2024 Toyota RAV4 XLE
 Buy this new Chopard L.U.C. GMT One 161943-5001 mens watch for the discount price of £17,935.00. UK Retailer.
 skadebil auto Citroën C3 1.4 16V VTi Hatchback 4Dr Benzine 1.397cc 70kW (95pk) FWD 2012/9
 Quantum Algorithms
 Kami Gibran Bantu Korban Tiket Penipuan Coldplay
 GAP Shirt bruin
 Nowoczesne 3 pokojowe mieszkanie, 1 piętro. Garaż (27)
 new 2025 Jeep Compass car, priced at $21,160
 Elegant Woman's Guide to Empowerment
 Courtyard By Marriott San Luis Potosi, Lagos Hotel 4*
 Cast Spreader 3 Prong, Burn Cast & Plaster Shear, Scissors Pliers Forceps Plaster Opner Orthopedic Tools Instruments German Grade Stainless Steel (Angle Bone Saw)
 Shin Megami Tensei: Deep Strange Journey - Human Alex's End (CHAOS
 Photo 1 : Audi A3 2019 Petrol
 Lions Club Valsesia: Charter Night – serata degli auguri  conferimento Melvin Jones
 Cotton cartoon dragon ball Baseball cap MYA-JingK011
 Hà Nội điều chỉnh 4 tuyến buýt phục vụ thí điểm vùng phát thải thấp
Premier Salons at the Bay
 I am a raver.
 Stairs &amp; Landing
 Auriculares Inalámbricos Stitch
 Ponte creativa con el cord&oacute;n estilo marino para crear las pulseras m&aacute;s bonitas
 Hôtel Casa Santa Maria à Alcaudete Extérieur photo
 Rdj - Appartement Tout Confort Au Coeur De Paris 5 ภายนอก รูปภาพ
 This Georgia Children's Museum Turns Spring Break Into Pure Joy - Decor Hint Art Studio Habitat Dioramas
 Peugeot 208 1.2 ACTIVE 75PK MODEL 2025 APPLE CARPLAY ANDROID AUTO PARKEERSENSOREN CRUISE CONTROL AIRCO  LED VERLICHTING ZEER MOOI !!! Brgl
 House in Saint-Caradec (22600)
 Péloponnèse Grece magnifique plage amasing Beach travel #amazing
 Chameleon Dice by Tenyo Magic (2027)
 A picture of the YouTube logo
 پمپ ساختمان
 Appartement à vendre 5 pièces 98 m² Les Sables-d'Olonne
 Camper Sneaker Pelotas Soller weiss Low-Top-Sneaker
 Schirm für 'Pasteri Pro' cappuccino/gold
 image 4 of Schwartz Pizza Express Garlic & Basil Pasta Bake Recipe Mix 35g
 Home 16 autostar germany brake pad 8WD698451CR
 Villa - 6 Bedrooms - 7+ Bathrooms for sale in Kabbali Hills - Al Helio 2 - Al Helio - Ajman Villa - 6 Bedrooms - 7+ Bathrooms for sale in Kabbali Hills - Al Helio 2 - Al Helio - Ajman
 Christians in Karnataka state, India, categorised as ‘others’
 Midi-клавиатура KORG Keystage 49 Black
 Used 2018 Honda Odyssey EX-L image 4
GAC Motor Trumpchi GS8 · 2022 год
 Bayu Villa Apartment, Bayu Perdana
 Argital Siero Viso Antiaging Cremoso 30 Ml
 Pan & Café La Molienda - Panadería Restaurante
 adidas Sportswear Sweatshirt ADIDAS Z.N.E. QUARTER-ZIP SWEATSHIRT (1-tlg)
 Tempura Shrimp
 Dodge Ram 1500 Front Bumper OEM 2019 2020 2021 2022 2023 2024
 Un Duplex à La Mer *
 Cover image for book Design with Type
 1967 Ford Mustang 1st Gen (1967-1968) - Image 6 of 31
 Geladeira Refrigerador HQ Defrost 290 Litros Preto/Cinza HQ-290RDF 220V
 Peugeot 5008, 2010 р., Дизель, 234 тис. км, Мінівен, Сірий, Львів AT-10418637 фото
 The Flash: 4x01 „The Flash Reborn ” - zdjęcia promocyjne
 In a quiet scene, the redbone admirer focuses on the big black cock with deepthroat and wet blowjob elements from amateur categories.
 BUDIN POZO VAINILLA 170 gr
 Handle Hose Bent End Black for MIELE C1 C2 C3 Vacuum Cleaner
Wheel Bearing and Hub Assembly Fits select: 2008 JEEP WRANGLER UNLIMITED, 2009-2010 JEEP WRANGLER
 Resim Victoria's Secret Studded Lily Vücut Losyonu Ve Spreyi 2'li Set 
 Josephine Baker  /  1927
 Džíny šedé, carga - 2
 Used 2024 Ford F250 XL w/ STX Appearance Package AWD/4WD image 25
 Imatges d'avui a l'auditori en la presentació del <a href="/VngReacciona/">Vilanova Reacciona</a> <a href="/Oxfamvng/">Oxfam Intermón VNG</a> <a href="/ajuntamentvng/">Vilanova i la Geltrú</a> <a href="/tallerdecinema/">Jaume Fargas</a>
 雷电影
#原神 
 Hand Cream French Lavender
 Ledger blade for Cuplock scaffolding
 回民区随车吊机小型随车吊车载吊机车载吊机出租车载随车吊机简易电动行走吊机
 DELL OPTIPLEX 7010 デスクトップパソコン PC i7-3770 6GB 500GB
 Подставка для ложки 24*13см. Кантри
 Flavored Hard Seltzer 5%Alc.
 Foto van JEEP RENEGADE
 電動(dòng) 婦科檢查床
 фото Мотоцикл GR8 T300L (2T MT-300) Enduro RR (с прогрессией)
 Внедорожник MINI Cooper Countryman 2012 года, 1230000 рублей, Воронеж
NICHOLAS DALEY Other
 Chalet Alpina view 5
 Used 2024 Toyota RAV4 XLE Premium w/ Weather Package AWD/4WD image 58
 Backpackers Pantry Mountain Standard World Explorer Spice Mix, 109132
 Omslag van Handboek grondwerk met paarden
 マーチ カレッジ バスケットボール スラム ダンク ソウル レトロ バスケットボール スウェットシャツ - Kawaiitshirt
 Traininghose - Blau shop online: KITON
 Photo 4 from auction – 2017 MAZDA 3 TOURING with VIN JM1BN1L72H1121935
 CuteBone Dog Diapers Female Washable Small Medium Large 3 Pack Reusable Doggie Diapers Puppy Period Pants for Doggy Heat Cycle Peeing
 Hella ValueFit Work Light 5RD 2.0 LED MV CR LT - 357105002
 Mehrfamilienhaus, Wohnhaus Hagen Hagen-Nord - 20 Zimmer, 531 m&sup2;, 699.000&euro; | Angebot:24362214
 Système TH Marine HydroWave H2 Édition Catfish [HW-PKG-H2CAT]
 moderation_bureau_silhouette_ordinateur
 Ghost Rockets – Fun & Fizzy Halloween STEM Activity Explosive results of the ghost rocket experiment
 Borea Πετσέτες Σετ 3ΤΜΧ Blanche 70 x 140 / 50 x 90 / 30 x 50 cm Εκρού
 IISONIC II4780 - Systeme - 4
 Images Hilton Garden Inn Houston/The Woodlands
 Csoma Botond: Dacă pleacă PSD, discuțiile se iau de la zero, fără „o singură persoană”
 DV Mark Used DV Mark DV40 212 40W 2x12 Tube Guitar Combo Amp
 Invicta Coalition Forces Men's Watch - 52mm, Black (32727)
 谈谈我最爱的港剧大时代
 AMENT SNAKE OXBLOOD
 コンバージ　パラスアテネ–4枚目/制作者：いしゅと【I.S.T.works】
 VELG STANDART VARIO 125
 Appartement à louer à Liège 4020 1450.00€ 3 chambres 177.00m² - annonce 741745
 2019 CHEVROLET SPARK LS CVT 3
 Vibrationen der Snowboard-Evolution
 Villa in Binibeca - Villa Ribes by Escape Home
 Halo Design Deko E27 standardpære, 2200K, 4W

+++++

*What the exercise asks*. If a line in the entries above contains the word "from", copy it.

*Worked solution*.
 In a quiet scene, the redbone admirer focuses on the big black cock with deepthroat and wet blowjob elements from amateur categories.
 Photo 4 from auction – 2017 MAZDA 3 TOURING with VIN JM1BN1L72H1121935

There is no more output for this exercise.